# Azureus with thin front legs?



## Kugamazog (May 12, 2010)

Hey guys. I picked up a few 1 month otw azureus about a month ago. Perhaps I'm paranoid, but it feels like the forelegs of two of them are a little thin. These are the youngest I've purchased, so I am not really sure if there is a problem. They are wingless melanos once a day dusted with Repashy SuperMin dust. I checked through other threads on SLS but I couldn't find anything that would alleviate my concerns. My gut says there isn't really a problem but I'd be happier with confirmation from the community. What do you guys think?

The first two are the ones that worry me. They also seem a little thinner than the later two. The late two are posted as a reference of siblings at the same age.

First:
















Second:
















Third:
















Fourth:


----------



## JL-Exotics (Nov 10, 2005)

They look fine to me. The first one is a tiny bit thin for a froglet, but the front legs all look just fine. Put your fears to rest... Nice looking frogs btw. Congrats!


----------



## Kugamazog (May 12, 2010)

JL-Exotics said:


> They look fine to me. The first one is a tiny bit thin for a froglet, but the front legs all look just fine. Put your fears to rest... Nice looking frogs btw. Congrats!


Great! thanks.


----------



## alex111683 (Sep 11, 2010)

The series of pictures almost looks like one of those workout plan picture sets (day 1, day15, day30, etc.) but instead your fattening them up. Sorry I know off topic.
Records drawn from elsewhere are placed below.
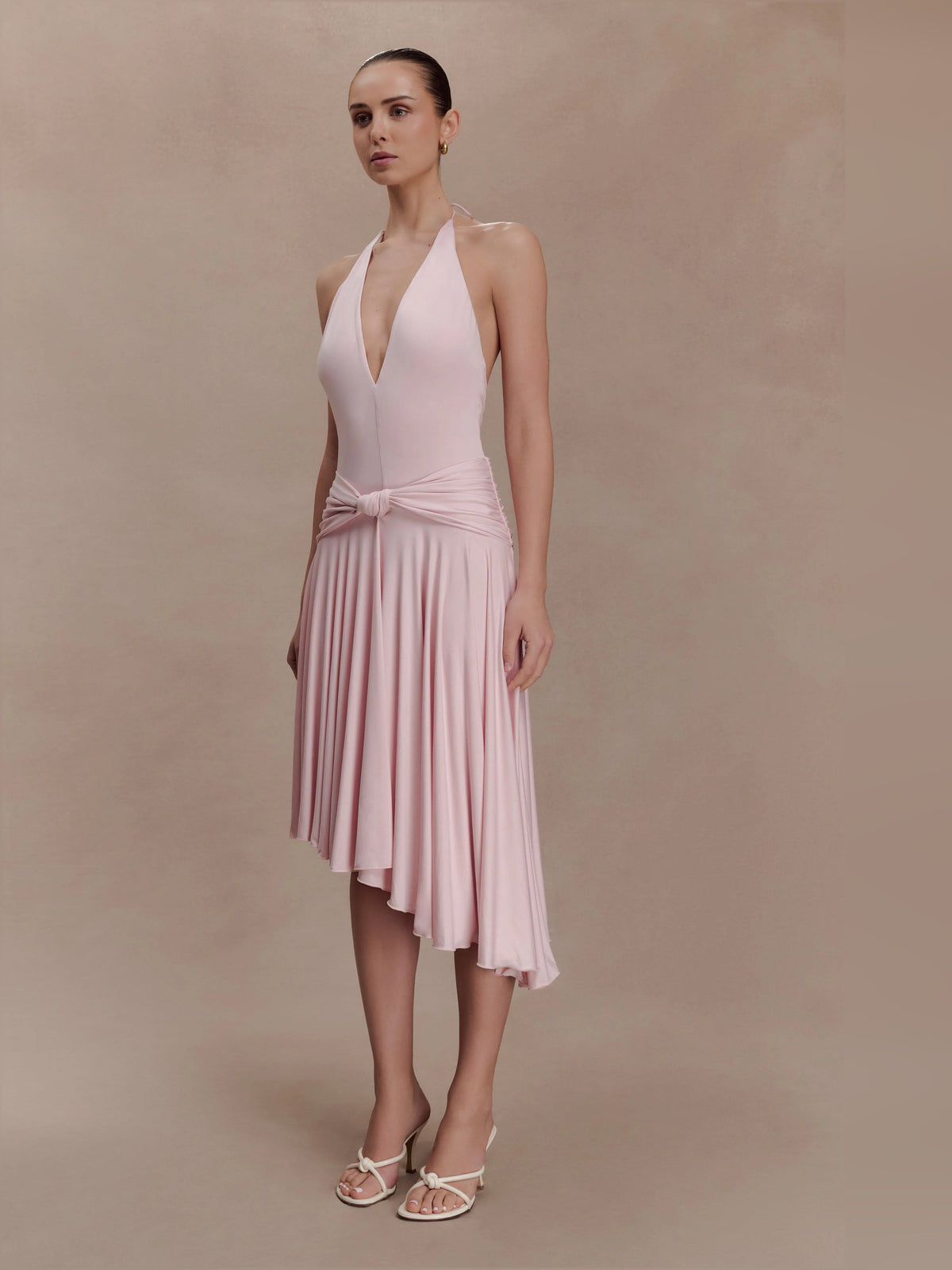 Pink asymmetric halter midi dress with pleated skirt and ruched waist detail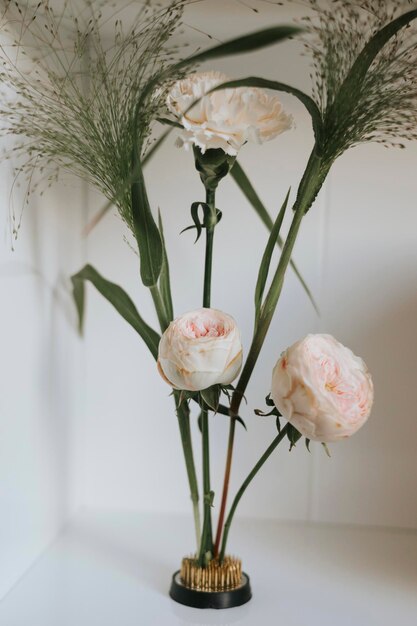 ecofriendly replacement for floral sponge kenzan metal kenzan in a low vase with a bouquet in the style of minimalism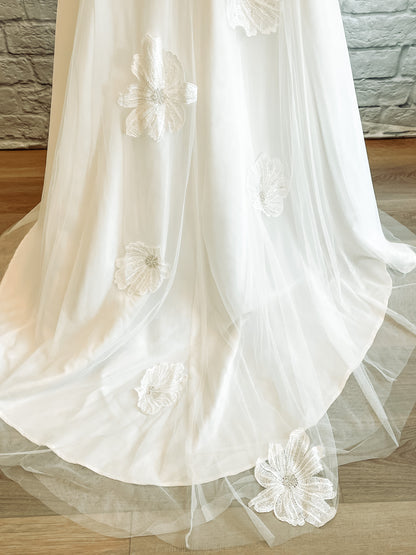 Up close shot of the tulle skirt and train; Three-layers of soft tulle cover the satin train with floral lace cascading down center back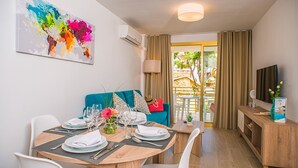 A dining area with a table set for six, a teal sofa, and a colorful abstract painting on the wall. - Ona Suites Salou (Salou)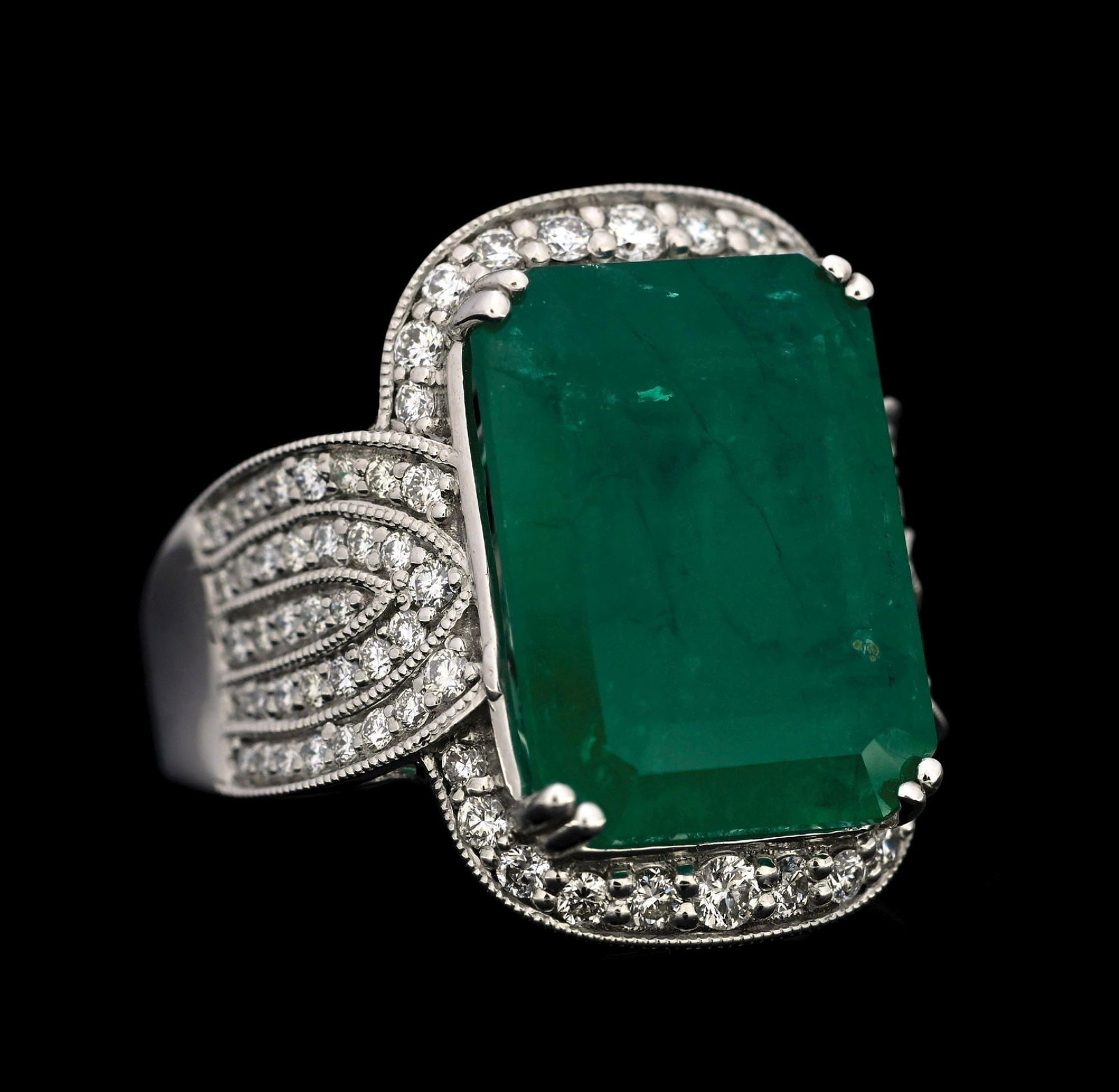PLATINUM EMERALD & DIAMOND RING W/GIA REPORT: Platinum emerald (8.80ct) and diamond (0.76ctw) ring accompanied by an original GIA emerald origin report and a GGA appraisal report with an ERRV of $38,970.00. (See additional website images for repo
But they look just fine to me. If the thinner ones stay that way or get worse, I would say separate them so you know theyre getting their fair share of food.


----------



## Jarhead_2016 (Jan 7, 2010)

i must concur the legs look normal but that little guy looks like he could eat alot more fruit flies good luck
-scotty


----------



## Pumilo (Sep 4, 2010)

In an email conversation with Allan Repashy, he assured me that Repashy Calcium Plus ICB is his best "stand alone" supplement for dart frogs. I am concerned that the SuperMin is rather low on calcium. Yes, it's listed in the ingredients, but only as a carrier.
Doug


----------



## ggazonas (May 11, 2008)

They look good me as well. 

If they had sls you would most likely be able to tell. Most frogs with sls do not survive very long and usually can not hold up there head, plus there legs will be very small besides thin.

Your frogs look rather healthy. Good luck


----------